(Prompt): Each line of the material must be repeated precisely, with the pictures left out.

****************

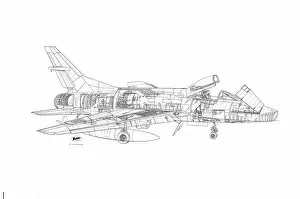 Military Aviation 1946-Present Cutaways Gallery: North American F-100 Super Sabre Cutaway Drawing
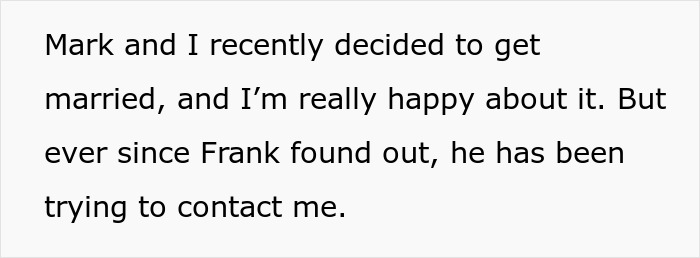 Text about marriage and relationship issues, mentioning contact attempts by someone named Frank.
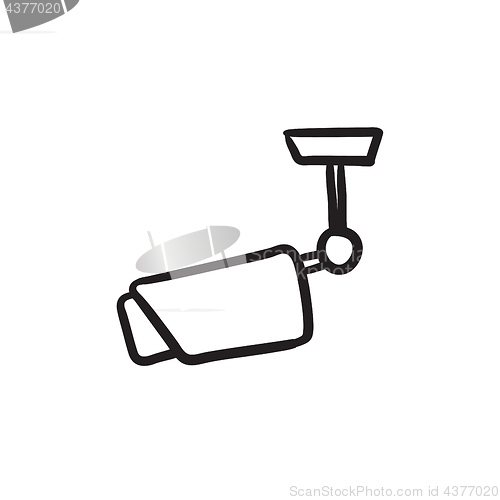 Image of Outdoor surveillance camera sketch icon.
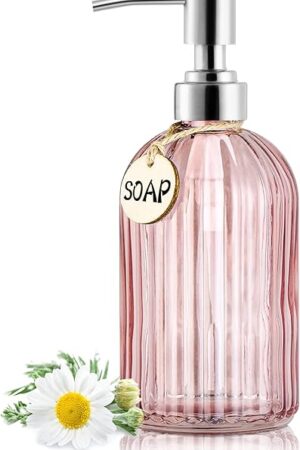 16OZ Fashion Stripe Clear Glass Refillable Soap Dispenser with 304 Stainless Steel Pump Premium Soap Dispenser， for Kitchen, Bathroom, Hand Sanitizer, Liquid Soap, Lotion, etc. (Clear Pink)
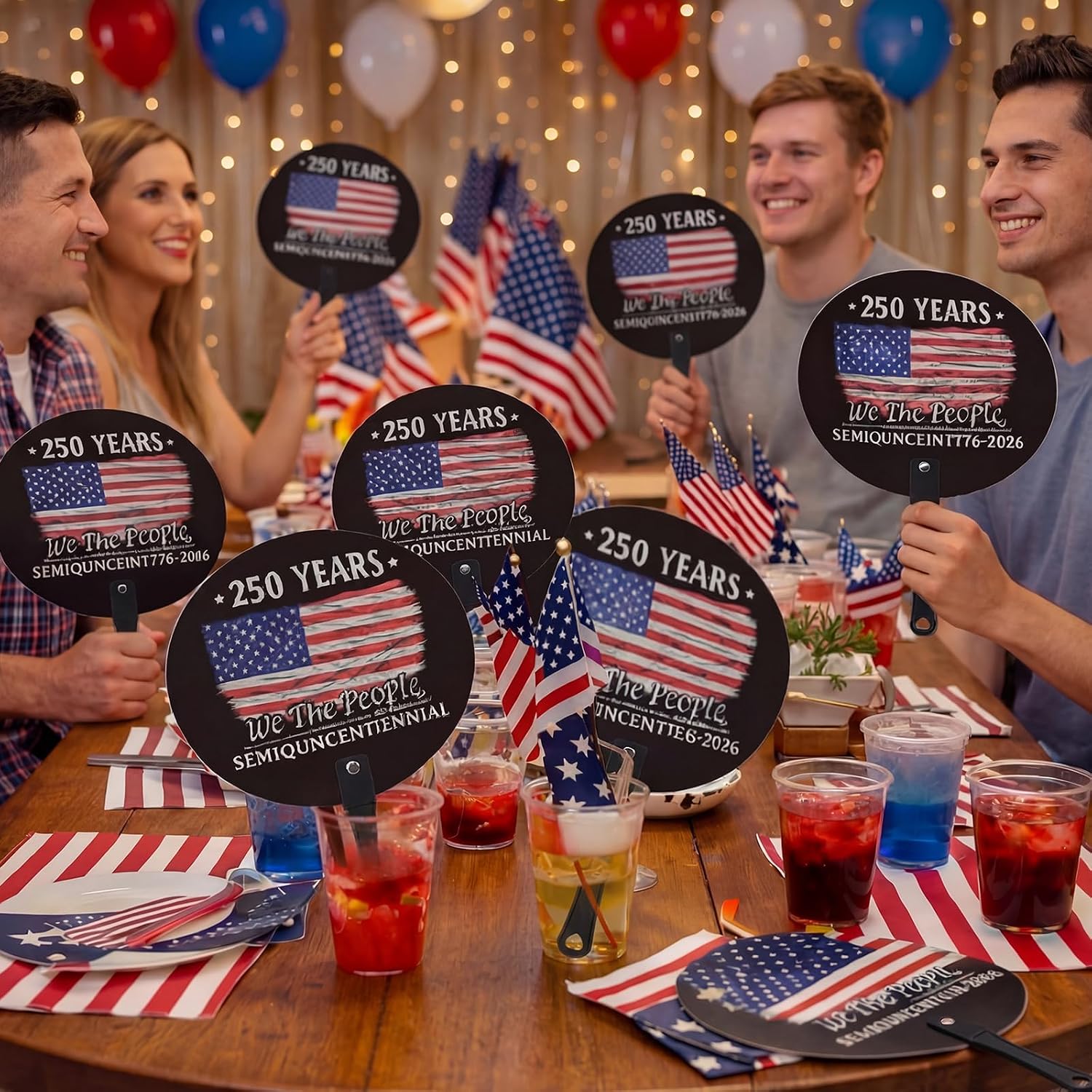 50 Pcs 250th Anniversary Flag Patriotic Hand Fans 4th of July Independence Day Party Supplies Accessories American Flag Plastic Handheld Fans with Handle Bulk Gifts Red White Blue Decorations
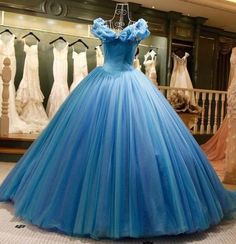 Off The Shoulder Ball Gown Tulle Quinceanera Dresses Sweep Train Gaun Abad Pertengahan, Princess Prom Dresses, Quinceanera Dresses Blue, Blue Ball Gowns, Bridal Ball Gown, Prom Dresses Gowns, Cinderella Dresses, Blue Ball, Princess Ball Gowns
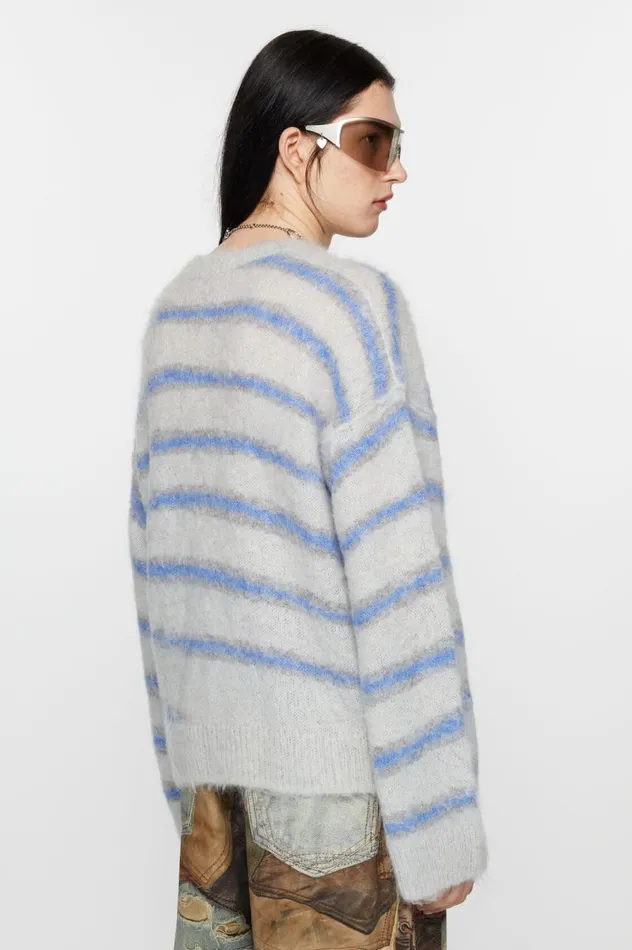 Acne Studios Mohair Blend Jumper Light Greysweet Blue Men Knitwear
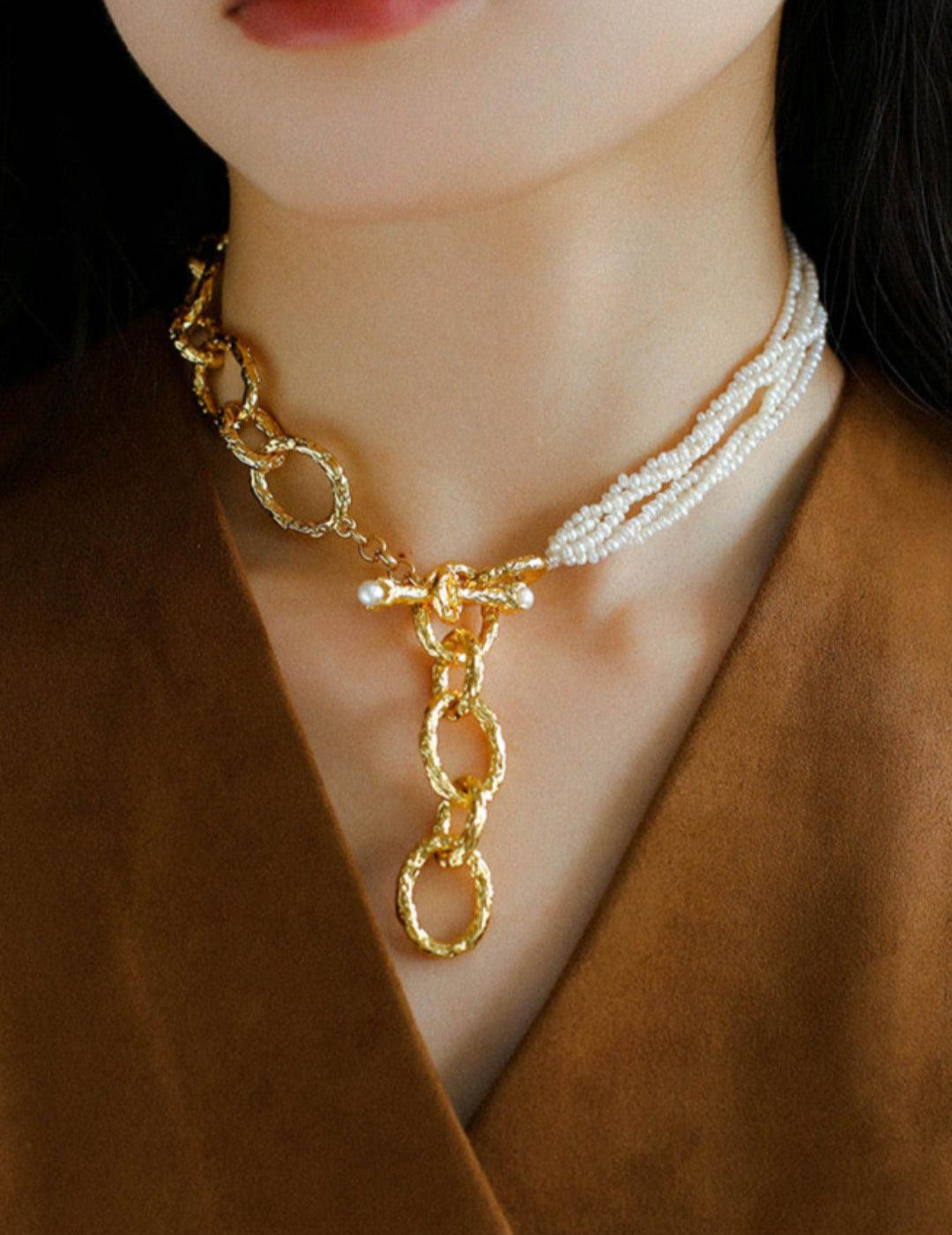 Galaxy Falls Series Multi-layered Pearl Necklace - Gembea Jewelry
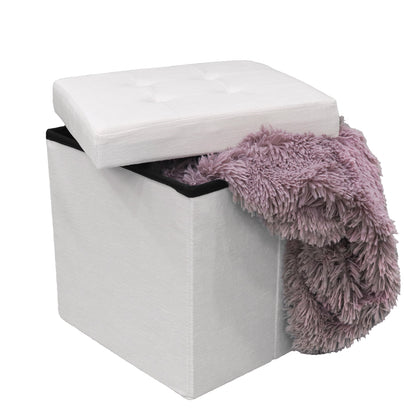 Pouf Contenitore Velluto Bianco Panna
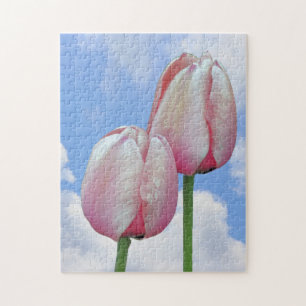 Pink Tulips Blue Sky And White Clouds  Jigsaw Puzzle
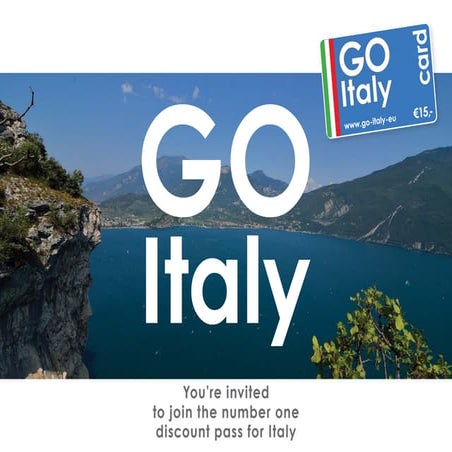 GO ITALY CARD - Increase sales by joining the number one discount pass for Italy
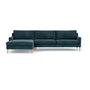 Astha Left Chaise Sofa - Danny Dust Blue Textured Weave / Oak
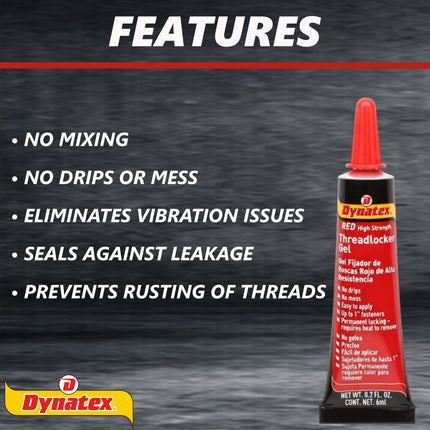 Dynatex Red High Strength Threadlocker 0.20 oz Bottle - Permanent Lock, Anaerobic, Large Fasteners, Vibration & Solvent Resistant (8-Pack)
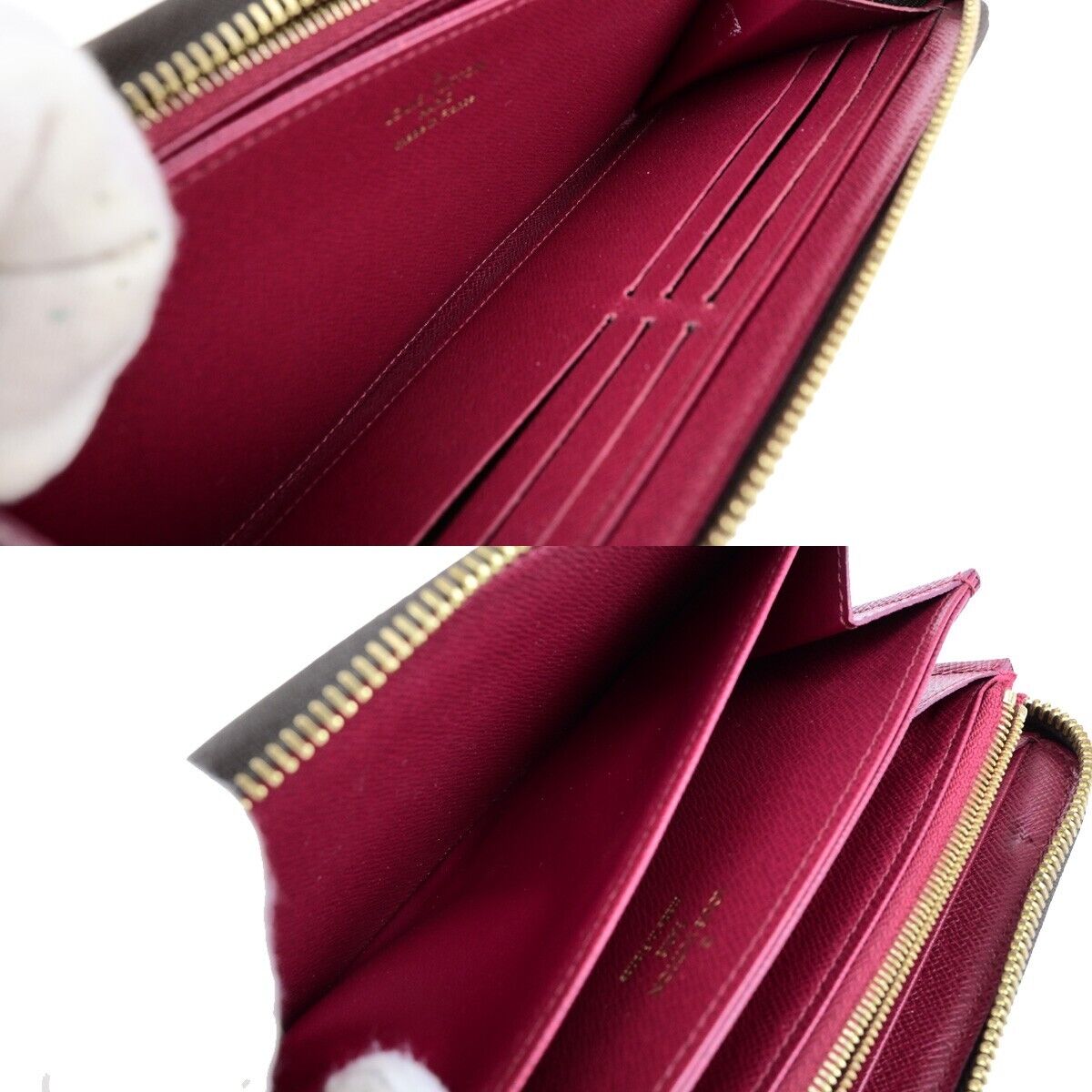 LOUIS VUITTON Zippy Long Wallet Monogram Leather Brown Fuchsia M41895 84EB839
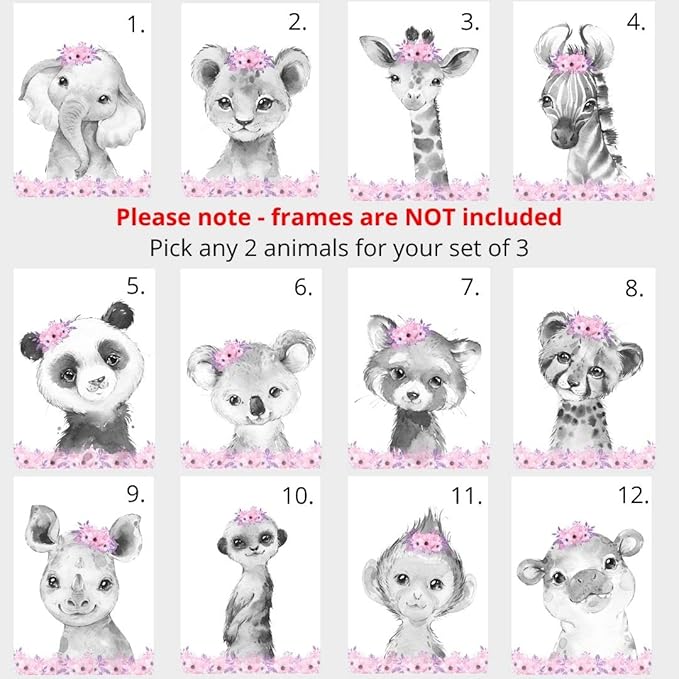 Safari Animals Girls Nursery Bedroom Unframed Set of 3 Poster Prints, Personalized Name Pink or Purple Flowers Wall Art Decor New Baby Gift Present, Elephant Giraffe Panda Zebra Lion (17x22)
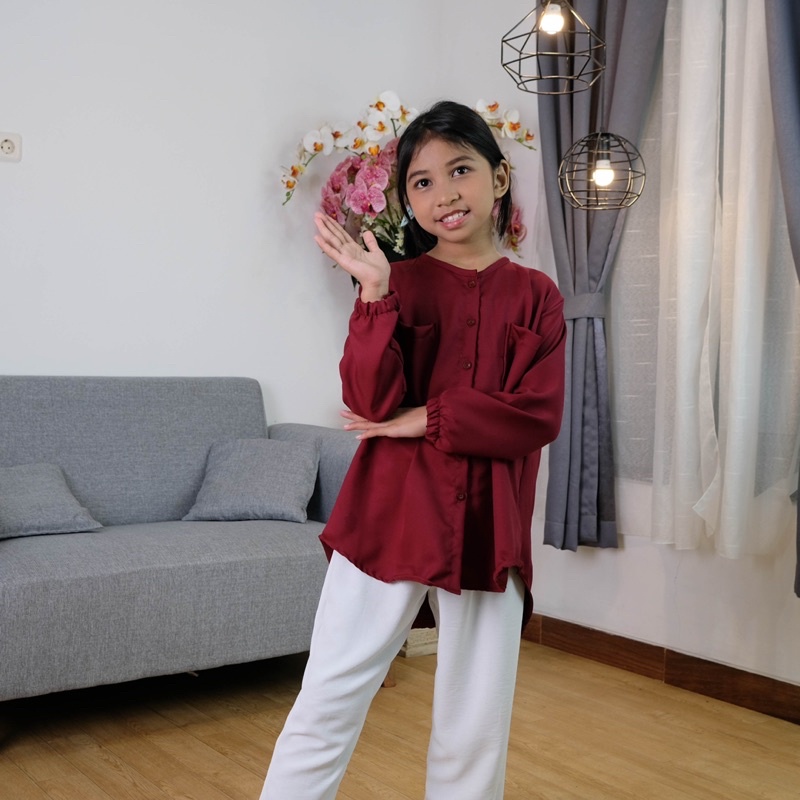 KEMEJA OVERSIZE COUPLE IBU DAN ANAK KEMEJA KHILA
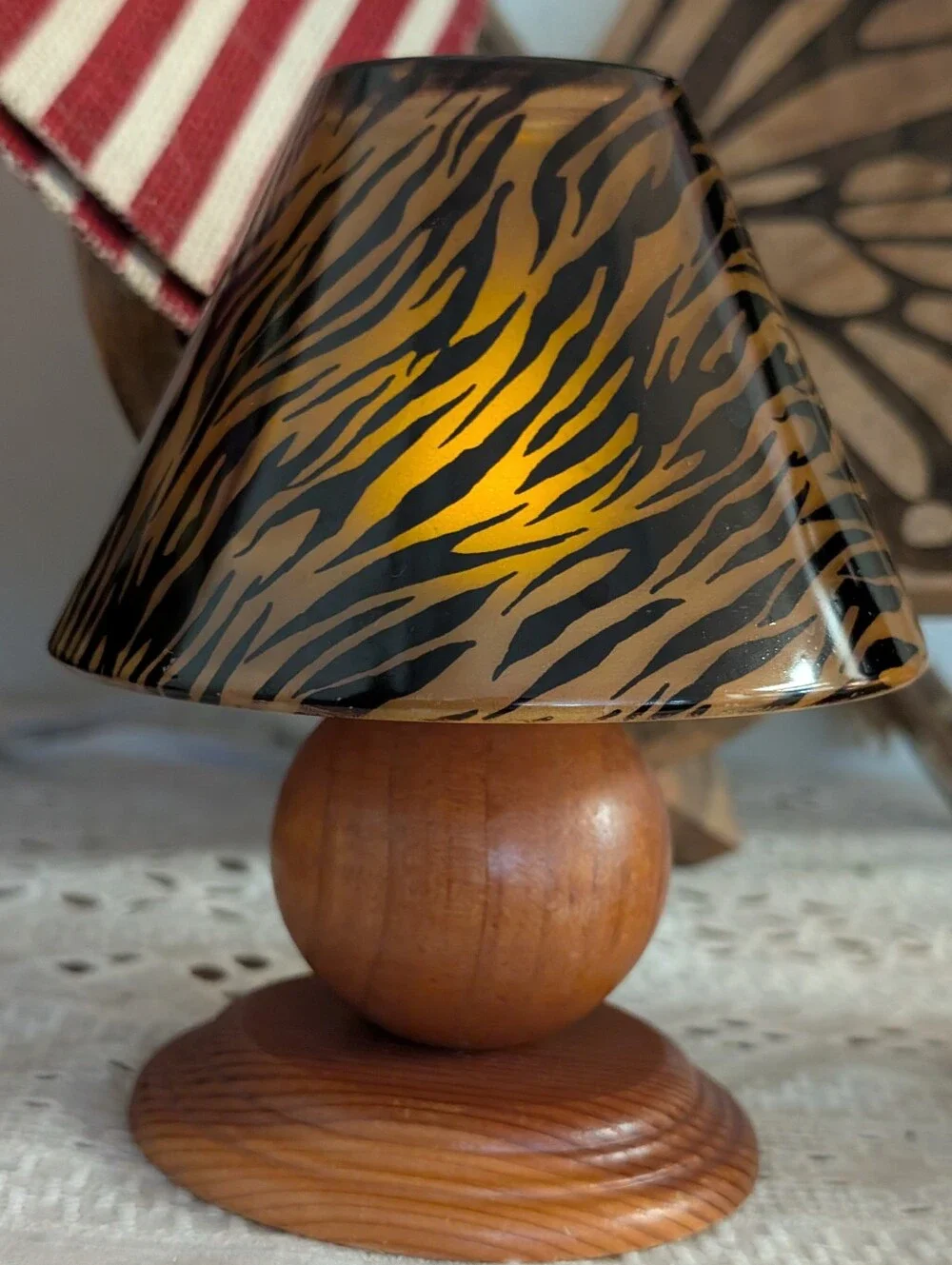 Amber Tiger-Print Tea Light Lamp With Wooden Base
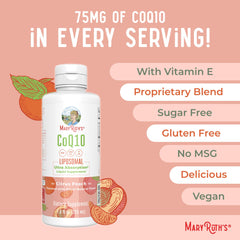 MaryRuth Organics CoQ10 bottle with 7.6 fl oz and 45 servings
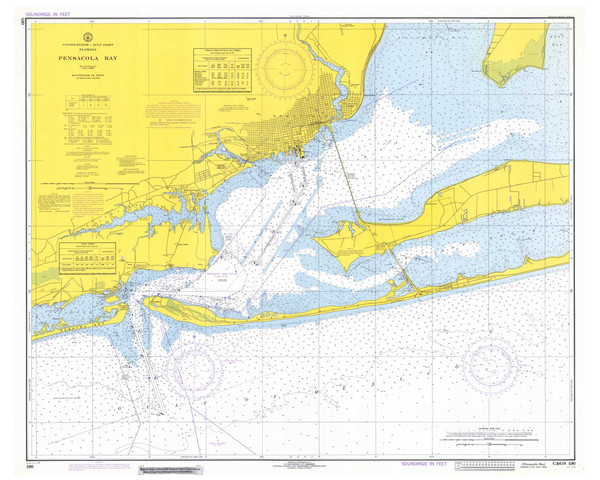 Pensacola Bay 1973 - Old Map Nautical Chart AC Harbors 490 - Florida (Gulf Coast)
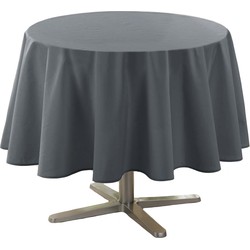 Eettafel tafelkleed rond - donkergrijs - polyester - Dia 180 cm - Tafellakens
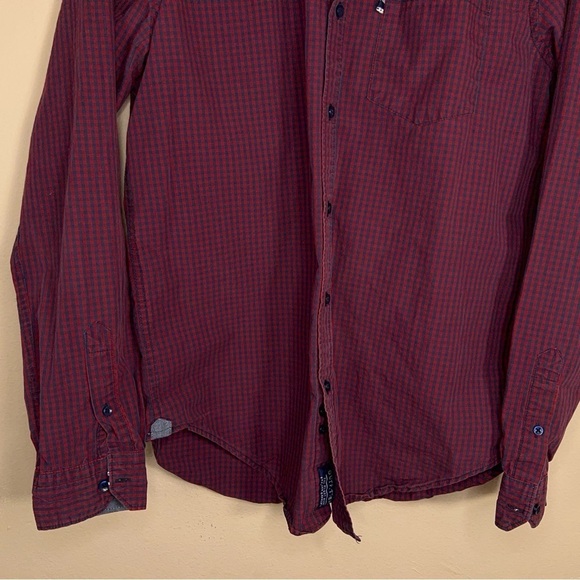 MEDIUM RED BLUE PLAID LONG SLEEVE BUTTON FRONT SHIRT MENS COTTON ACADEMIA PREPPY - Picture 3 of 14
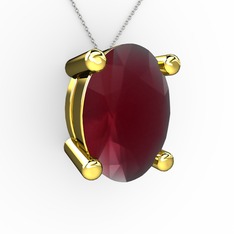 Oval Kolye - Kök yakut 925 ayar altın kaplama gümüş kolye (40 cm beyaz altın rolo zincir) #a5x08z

****************

(Expected answer):
 Military Aviation 1946-Present Cutaways Gallery: North American F-100 Super Sabre Cutaway Drawing
 Text about marriage and relationship issues, mentioning contact attempts by someone named Frank.
 Image of Outdoor surveillance camera sketch icon.
 16OZ Fashion Stripe Clear Glass Refillable Soap Dispenser with 304 Stainless Steel Pump Premium Soap Dispenser， for Kitchen, Bathroom, Hand Sanitizer, Liquid Soap, Lotion, etc. (Clear Pink)
 50 Pcs 250th Anniversary Flag Patriotic Hand Fans 4th of July Independence Day Party Supplies Accessories American Flag Plastic Handheld Fans with Handle Bulk Gifts Red White Blue Decorations
 Off The Shoulder Ball Gown Tulle Quinceanera Dresses Sweep Train Gaun Abad Pertengahan, Princess Prom Dresses, Quinceanera Dresses Blue, Blue Ball Gowns, Bridal Ball Gown, Prom Dresses Gowns, Cinderella Dresses, Blue Ball, Princess Ball Gowns
 Acne Studios Mohair Blend Jumper Light Greysweet Blue Men Knitwear
 Galaxy Falls Series Multi-layered Pearl Necklace - Gembea Jewelry
 Pouf Contenitore Velluto Bianco Panna
 Pink Tulips Blue Sky And White Clouds  Jigsaw Puzzle
 GO ITALY CARD - Increase sales by joining the number one discount pass for Italy
 Astha Left Chaise Sofa - Danny Dust Blue Textured Weave / Oak
 Dynatex Red High Strength Threadlocker 0.20 oz Bottle - Permanent Lock, Anaerobic, Large Fasteners, Vibration & Solvent Resistant (8-Pack)
 LOUIS VUITTON Zippy Long Wallet Monogram Leather Brown Fuchsia M41895 84EB839
 Safari Animals Girls Nursery Bedroom Unframed Set of 3 Poster Prints, Personalized Name Pink or Purple Flowers Wall Art Decor New Baby Gift Present, Elephant Giraffe Panda Zebra Lion (17x22)
 KEMEJA OVERSIZE COUPLE IBU DAN ANAK KEMEJA KHILA
 Amber Tiger-Print Tea Light Lamp With Wooden Base
 MaryRuth Organics CoQ10 bottle with 7.6 fl oz and 45 servings
 Pensacola Bay 1973 - Old Map Nautical Chart AC Harbors 490 - Florida (Gulf Coast)
 Eettafel tafelkleed rond - donkergrijs - polyester - Dia 180 cm - Tafellakens
 MEDIUM RED BLUE PLAID LONG SLEEVE BUTTON FRONT SHIRT MENS COTTON ACADEMIA PREPPY - Picture 3 of 14
 Oval Kolye - Kök yakut 925 ayar altın kaplama gümüş kolye (40 cm beyaz altın rolo zincir) #a5x08z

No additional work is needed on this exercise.